In security and policing there is an appetite for more data driven insights with decisions being more data- and evidence-driven across departments. The challenge is knowing where to start.


These departments are data rich (with probably too much data), with large volumes of data sets available. But policing end users are constrained by the transactional nature of these data sources, which inherently includes lead times on responses and not easily tailored to get the quality of data needed. With an underpinning theme of being reactive instead of proactive, and even sometimes, that data is not used to inform decision-making at all.


Cross-agency collaboration is also a key goal, as effective policing often requires information sharing among multiple agencies at the local, regional, and national levels. Overcoming jurisdictional barriers, establishing standardized protocols, and building trust among stakeholders are all essential for successful data sharing initiatives.


To fully harness their data, users strive to be able to get better insights from the data to make better decisions, have data relevant to their role and the ultimate nirvana of understanding the impact on policy.


Where are you on your data transformation journey?

With Generative AI hype near its peak, savvy organisations should try and avoid the frenzy. The no-regrets move is to put in place firm foundations for a long-term strategy.

Now is the time to review your organisation’s data maturity and readiness.
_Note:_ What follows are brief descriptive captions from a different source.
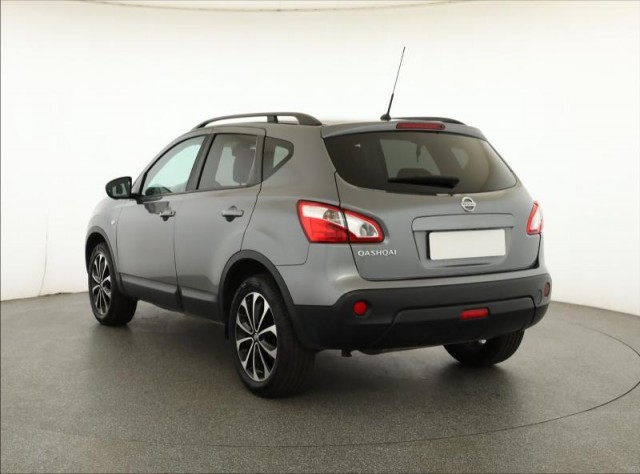 Nissan Qashqai  1.6 
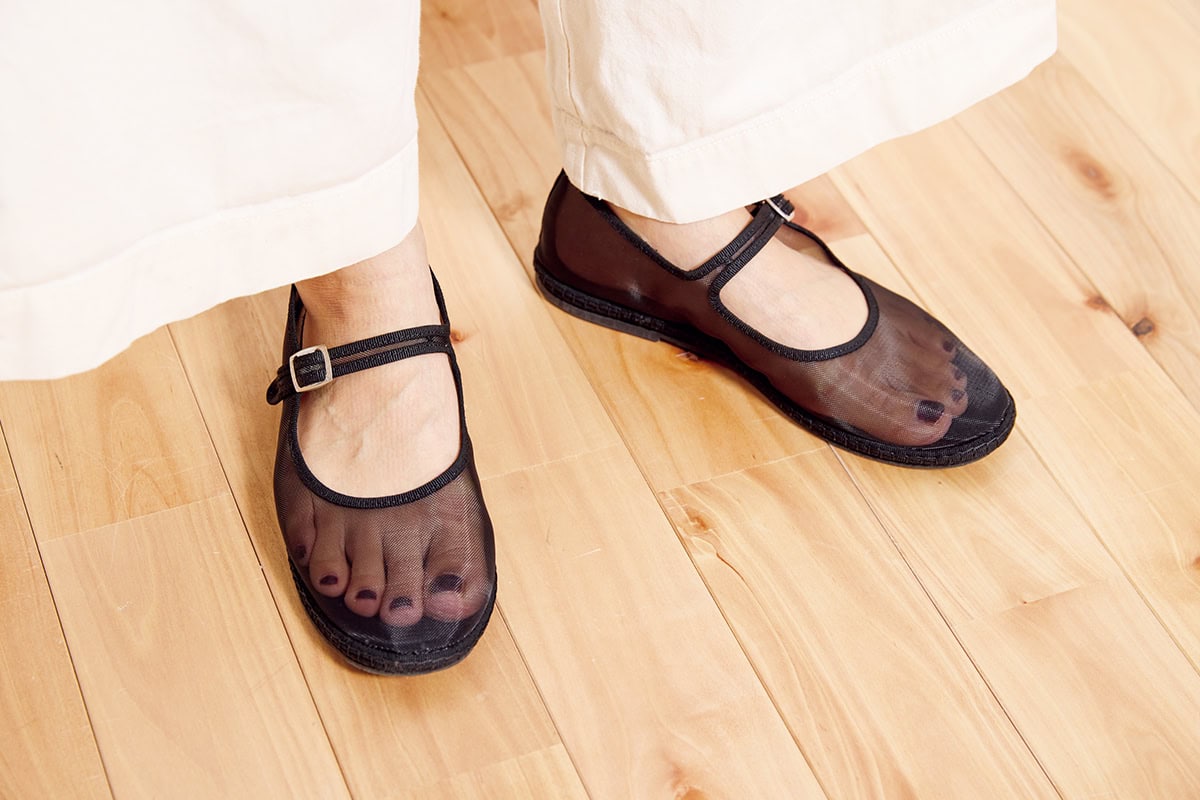 福原恵子さん愛用のシューシャのメッシュパンプスは、疲れにくく歩きやすいのが◎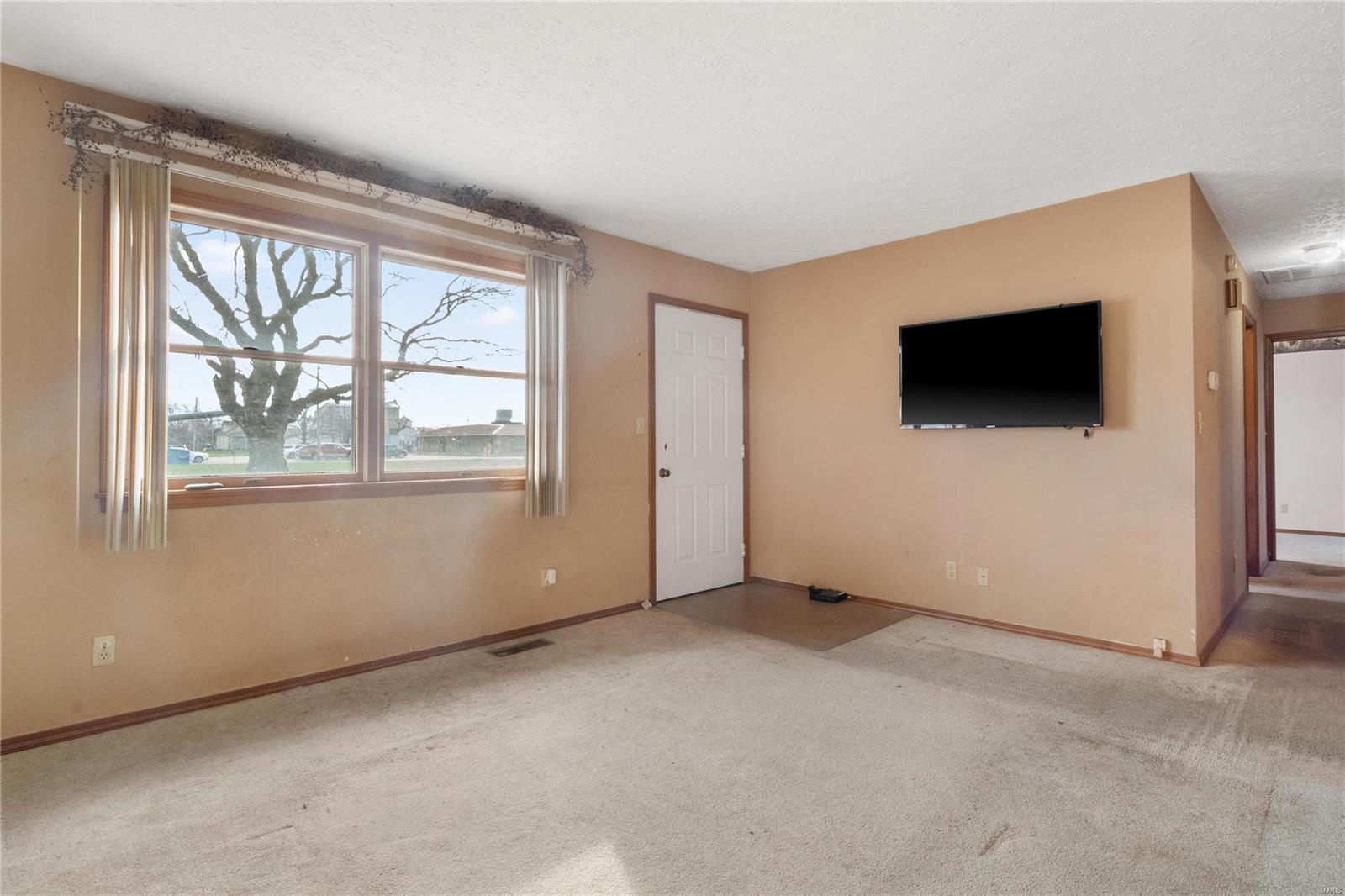 135 S Maple Street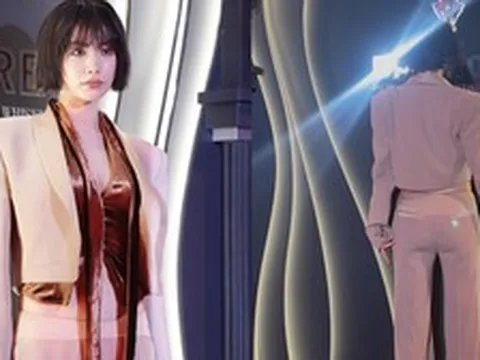 Mỹ nhân đẹp nhất thế giới bị dòm ngó vì chiếc quần tựa như trong suốt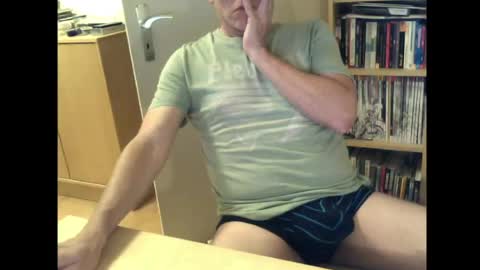 Snapshot of sneaxfreund chatting on 8, 5, 2026 sneaxfreund online show from 8, 5, 2026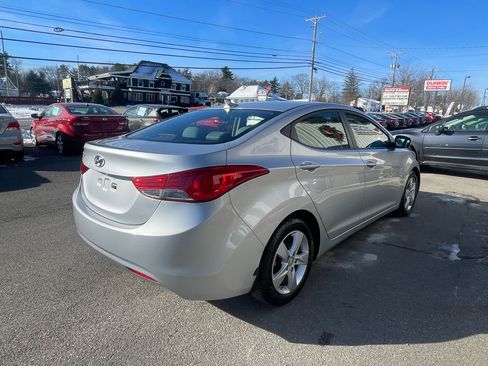 Used 2013 Hyundai Elantra GLS w/ Preferred Pkg image 4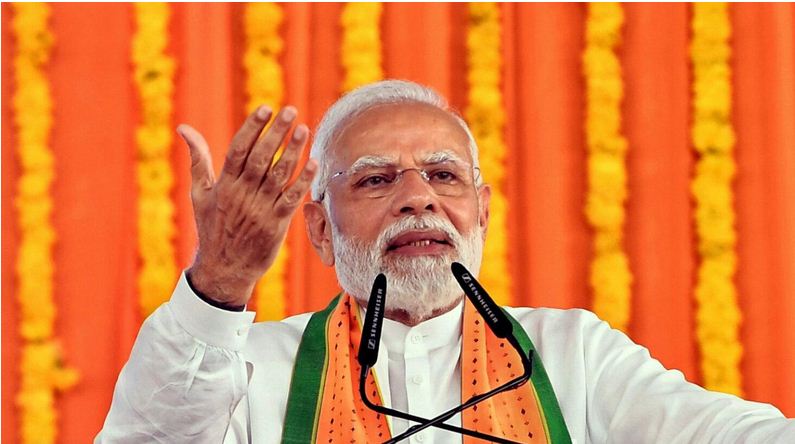 नरेंद्र मोदी और अंग्रेजी हटाओ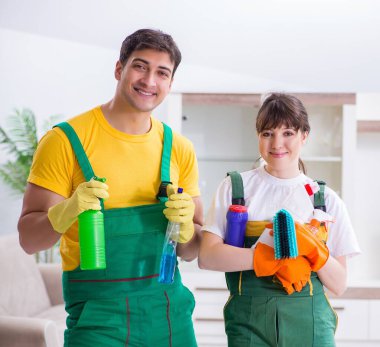 Evde çalışan profesyonel müteahhitleri temizliyorum.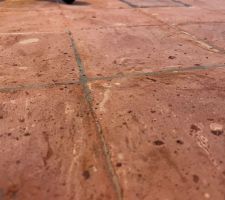 Fin ponçage du reagreage ciment de 3mm avec surfaceuse électrique manuelle disque diamant.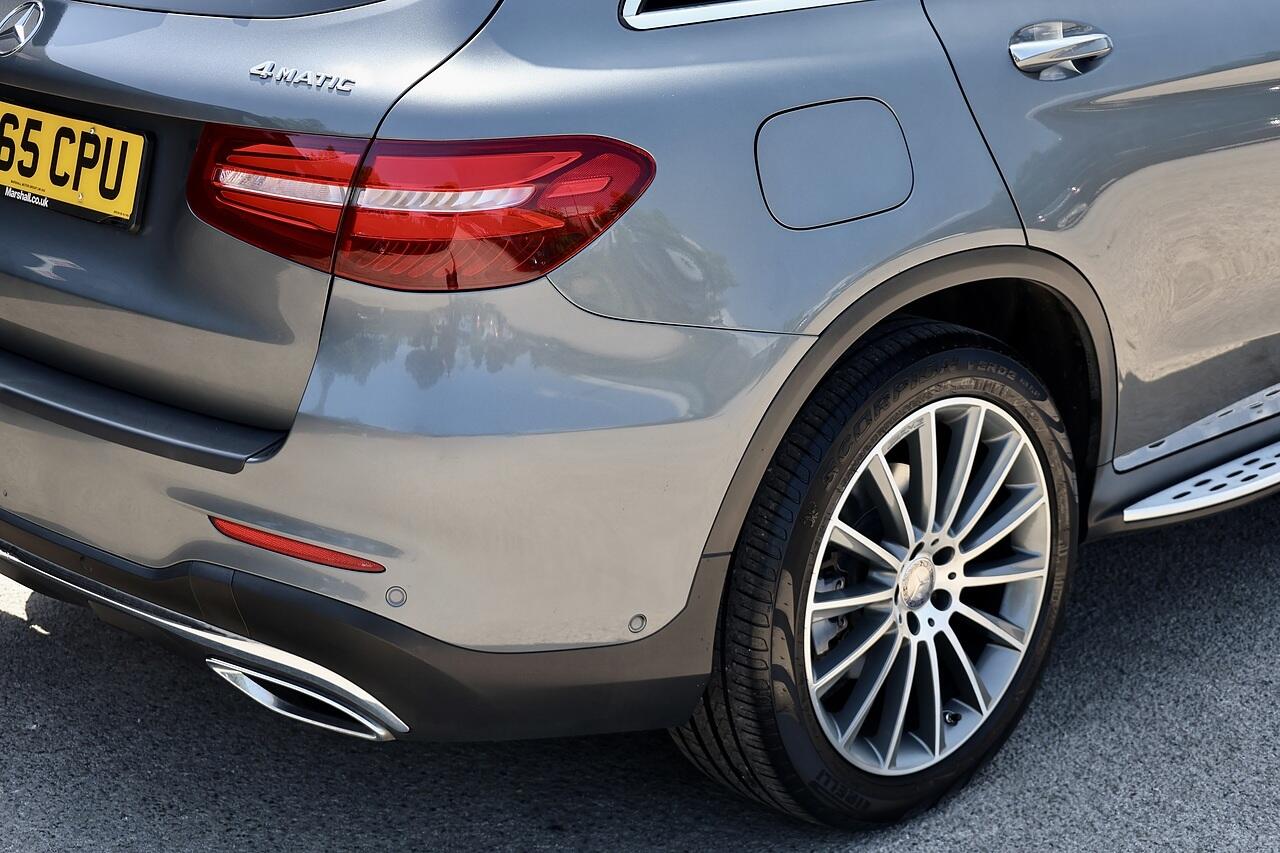 Mercedes-Benz GLC view 18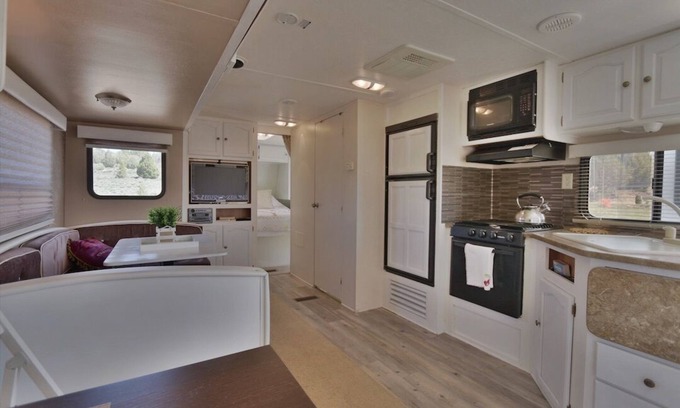 Alton House | Glamping in Utah - Close to the National Parks Zion and Bryce Canyon
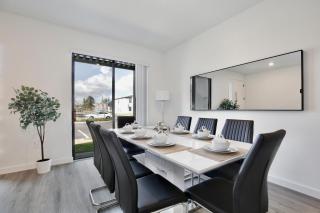 Brand New Townhouse In The Hub - 7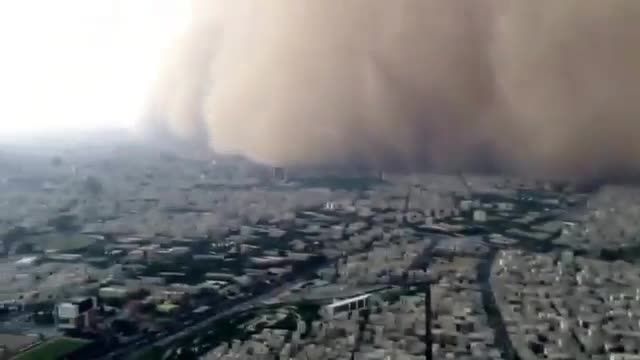 ^طوفان وحشتناکه دیروز بعدازظهر-- تهران-- برج میلاد^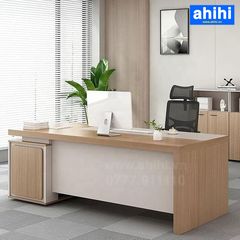 Bàn làm việc ahihi10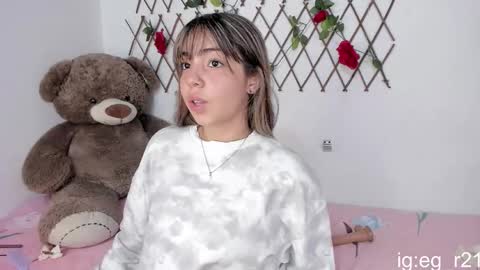 Snapshot of emma_grayys chatting on October 10, 4:11 am emma_grayys online show from October 10, 4:11 am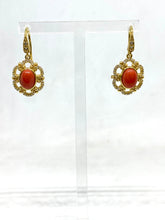 Carica l&#39;immagine nel visualizzatore di Gallery, Orecchini Corallo - Coral Earrings
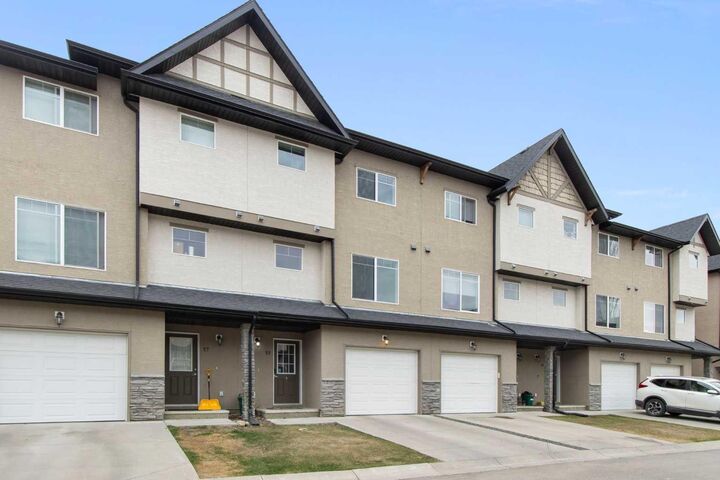 Property Photo:  59 Cimarron Vista Gardens  AB T1S 0G3 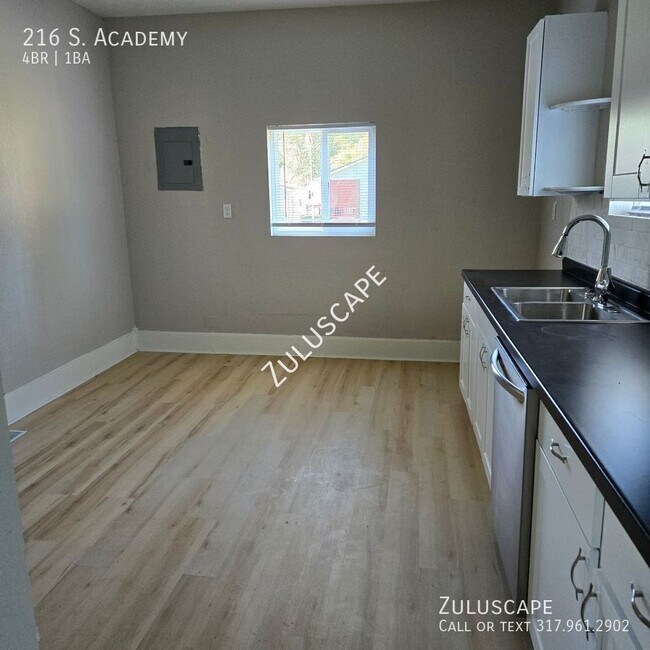 HALF OFF FIRST MONTH RENT....216 S. Academ... House House Rental in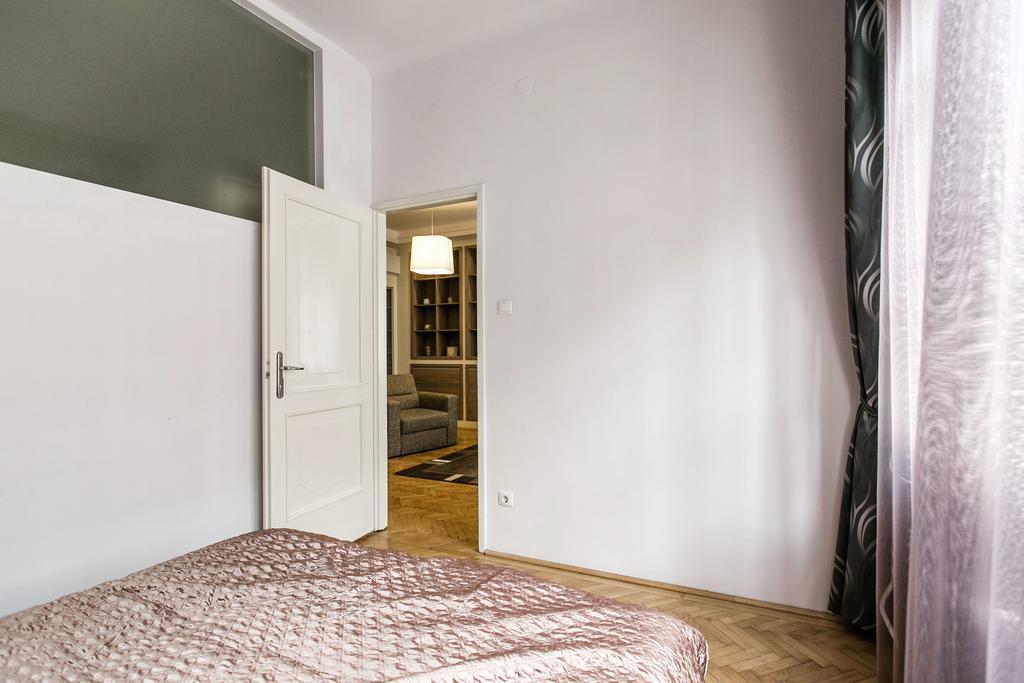 Apartment At Nagymezo Budapest Exteriör bild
What’s needed is a methodical assessment that moves through data maturity systematically:

  • Envision – Having a clear mission, vision and strategy, aids in building the roadmap and the creation of an evidenced business case to support the investment in data harnessing.
  • Enable – The definition and build of your data target operating model - platforms, data profiling & engineering, people, processes, and importantly a Common Data Model.
  • Enhance - Now driving your business forward though the enrichment of data, at-scale delivery of cleansing, data quality and visualisation which will achieve increased business intelligence as the new normal for a data-enriched department.
  • Evolve – Shifting the view from the past to the future, anticipating change rather than reacting to it, embracing AI tooling.

Common Data Model as the foundation

Central to the realisation of undertaking a data transformation journey is the adoption of a Common Data Model (CDM), which serves as a foundational framework for data integration, analysis and informed decision-making.

A CDM is a blueprint for data within an organisation or service area which brings together disparate data sources and acts as a guide for data usage within an organisation.  It provides reliable, consistent and documented data standards, establishes “one source of truth” for improved reporting and richer insights, develops data literacy by giving users transparency in data and a single language.

People should be able to ask questions of their data and get answers that make sense and that they know they can trust. A CDM creates a long-term foundation for future projects and ambitions and is directly tied to tangible outcomes, making it easier to measure the value that is delivered.

It also allows for the easy sharing of data across departments, as data is clearly defined and structured. A CDM can help address several data challenges in security and policing by providing a standardized framework for integrating, analysing, and sharing data across different systems and agencies, where traditionally entities have operated in silos, leading to fragmented data landscapes that hinder comprehensive analysis and holistic decision-making.  

For example, a CDM can standardise the format and structure of incident reports, enabling seamless integration of data from multiple sources such as law enforcement agencies, emergency services, and public safety departments. This allows for more accurate and comprehensive analysis of crime trends, hotspots, and patterns to inform resource allocation and proactive policing strategies.  

Evolve and solve with AI

Now you have the fundamental foundations in place, your organisation can really assess how to evolve and focus on you will achieve most value in the adoption of AI tooling, particularly GenAI. According to research by Sopra Steria Next, the generative AI market is expected to increase tenfold by 2028 to around $100 billion, equating to annual growth of 65%.

The Sopra Steria Next recommended approach is to -

  • Prioritise “no regrets” moves, by selecting, fine-tuning and deploying apps on existing foundation models on non-core use cases, leveraging potential new functionalities developed by your existing IT partners, thus focusing on basic task enhancement without or limited use of proprietary data.
  • Put a few bets on “golden” high value use cases, by enhance existing GenAI models with proprietary data, developing long-term value-creating asset through use of proprietary data, and sourcing of relevant AI talent and skills.
  • Think twice to qualify “diamonds” by assessing realistically the conditions for developing your in-house GenAI model by keeping complete control over model development and proprietary use, securing major IT infra/hardware investment.

The wrapper around all of this is implementing trustworthy and sovereign AI solutions. Responsible AI is needed to make it ethical, trustworthy and futureproof against regulatory requirements.  This is particularly critical in security and policing, for example, to avoid algorithmic bias in historical data, leading to discriminatory outcomes. Ensuring fairness, transparency, and accountability in algorithmic decision-making is vital to avoid reinforcing existing disparities in law enforcement practices.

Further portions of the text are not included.